Restate, exactly as written, the entries below from the line that holds "Apartment Historical Santos I Lisbon" through the line that holds "Stream Thumbnail". Pictures are not part of the copy.

» **Supplied information**

========

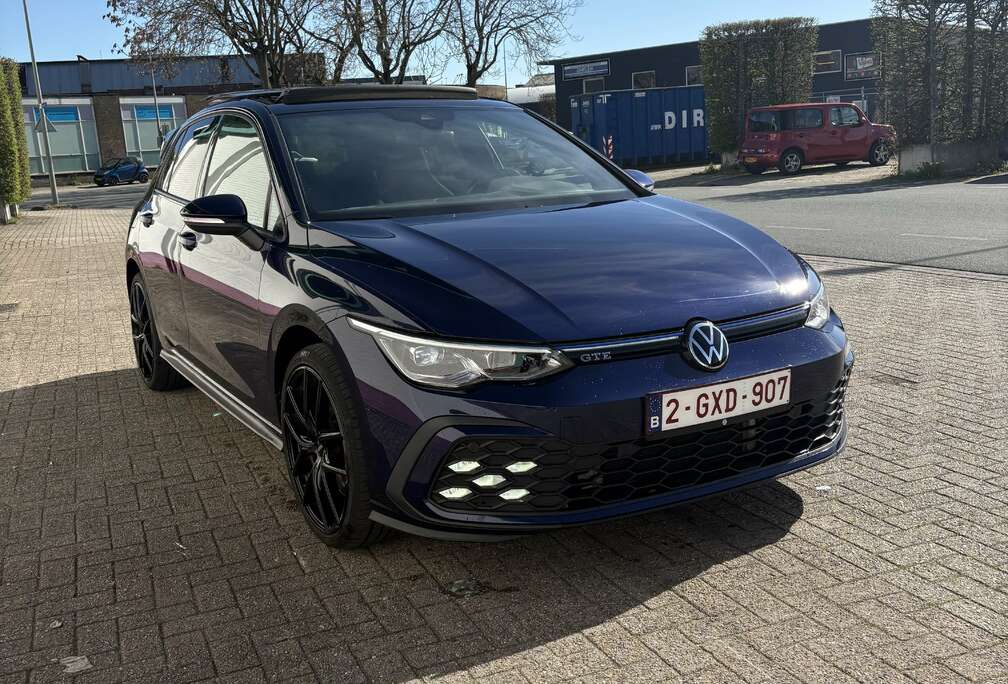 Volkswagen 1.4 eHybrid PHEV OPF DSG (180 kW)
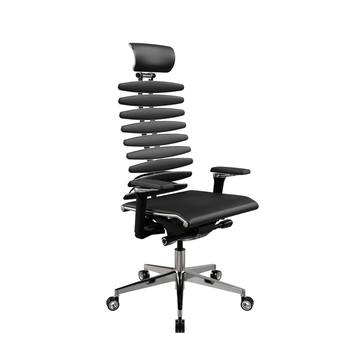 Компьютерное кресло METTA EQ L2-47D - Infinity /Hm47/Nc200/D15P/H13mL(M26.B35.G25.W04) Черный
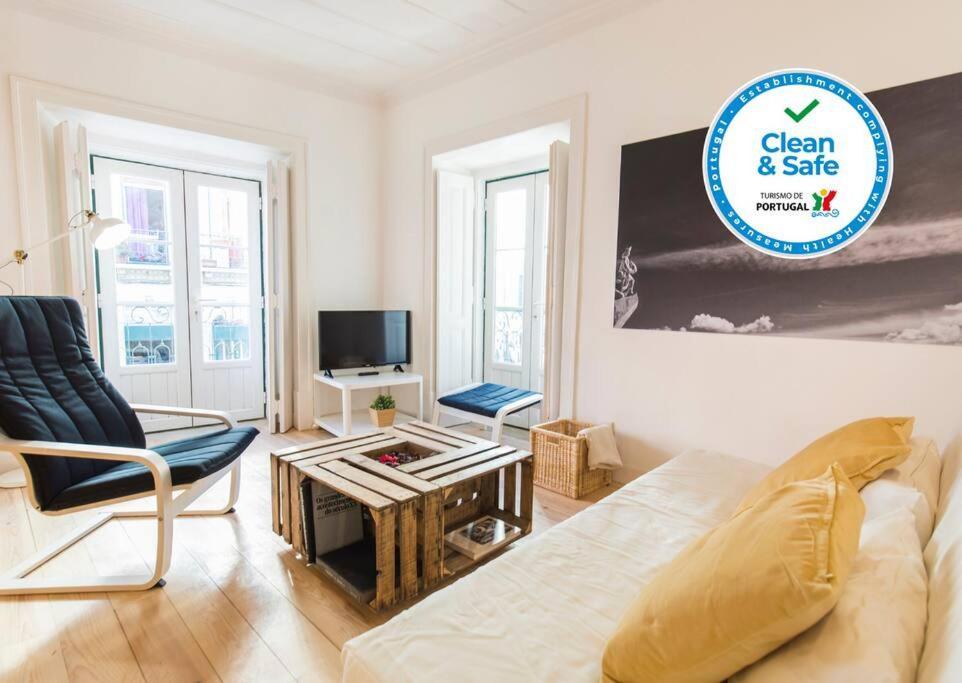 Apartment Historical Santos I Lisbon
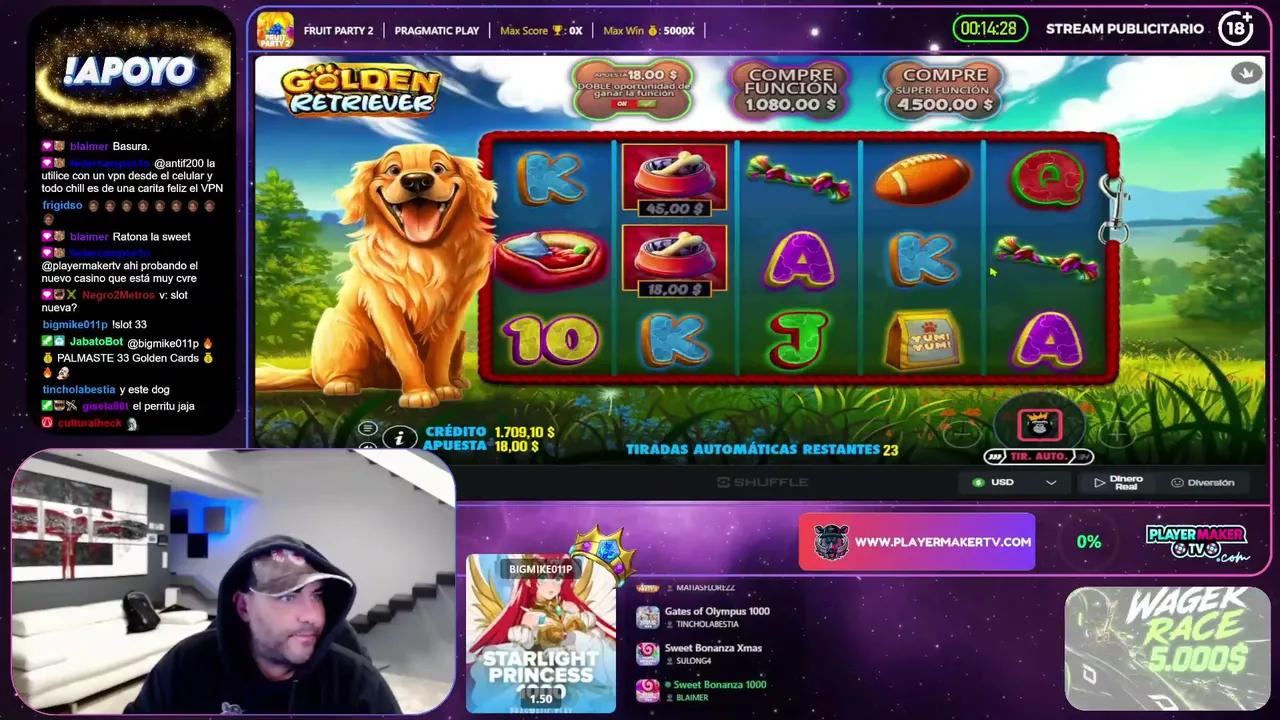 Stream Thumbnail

========

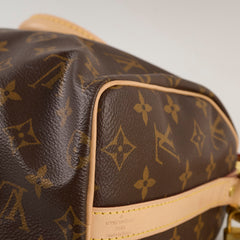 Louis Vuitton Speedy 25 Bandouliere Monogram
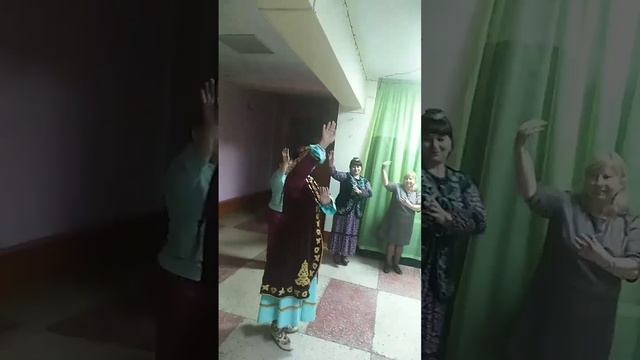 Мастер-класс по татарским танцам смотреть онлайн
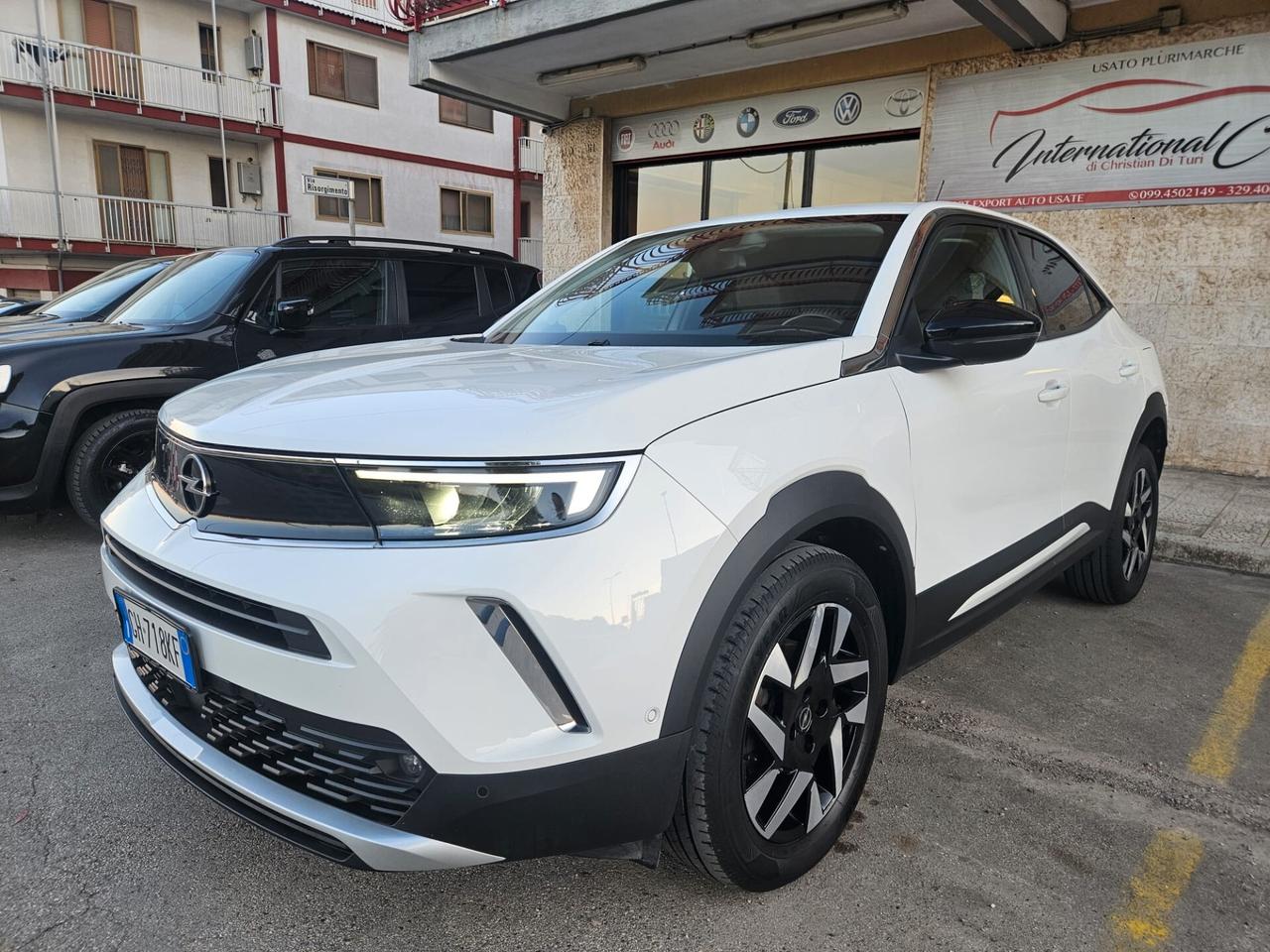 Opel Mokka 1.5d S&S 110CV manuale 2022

========

» **Task output**
 Apartment Historical Santos I Lisbon
 Stream Thumbnail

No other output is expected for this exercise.